### WHAT THIS TASK INVOLVES
Leave every image behind and restate the data word for word.

### SUPPLIED INFORMATION
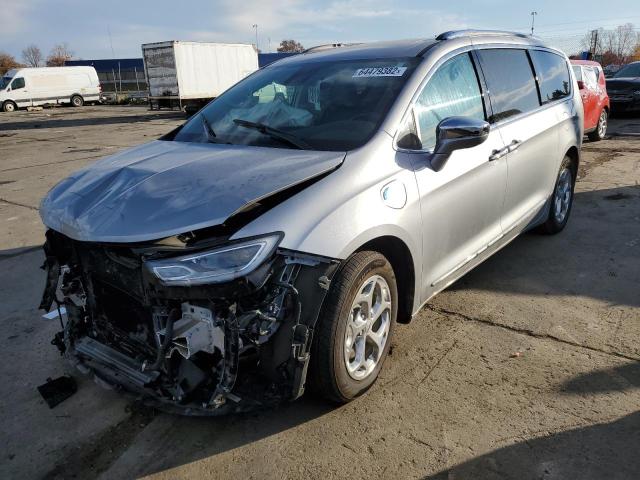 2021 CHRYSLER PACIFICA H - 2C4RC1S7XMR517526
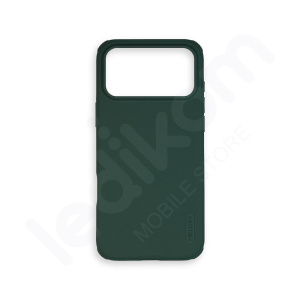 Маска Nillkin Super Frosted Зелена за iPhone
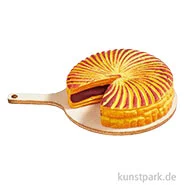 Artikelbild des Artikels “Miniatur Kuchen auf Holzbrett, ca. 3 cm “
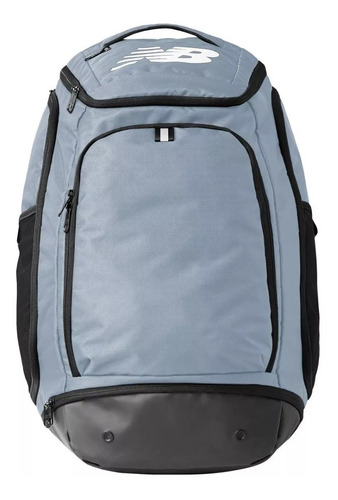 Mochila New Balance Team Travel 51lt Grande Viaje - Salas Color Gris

### EXERCISE OUTPUT
 2021 CHRYSLER PACIFICA H - 2C4RC1S7XMR517526
 Маска Nillkin Super Frosted Зелена за iPhone
 Artikelbild des Artikels “Miniatur Kuchen auf Holzbrett, ca. 3 cm “
 Mochila New Balance Team Travel 51lt Grande Viaje - Salas Color Gris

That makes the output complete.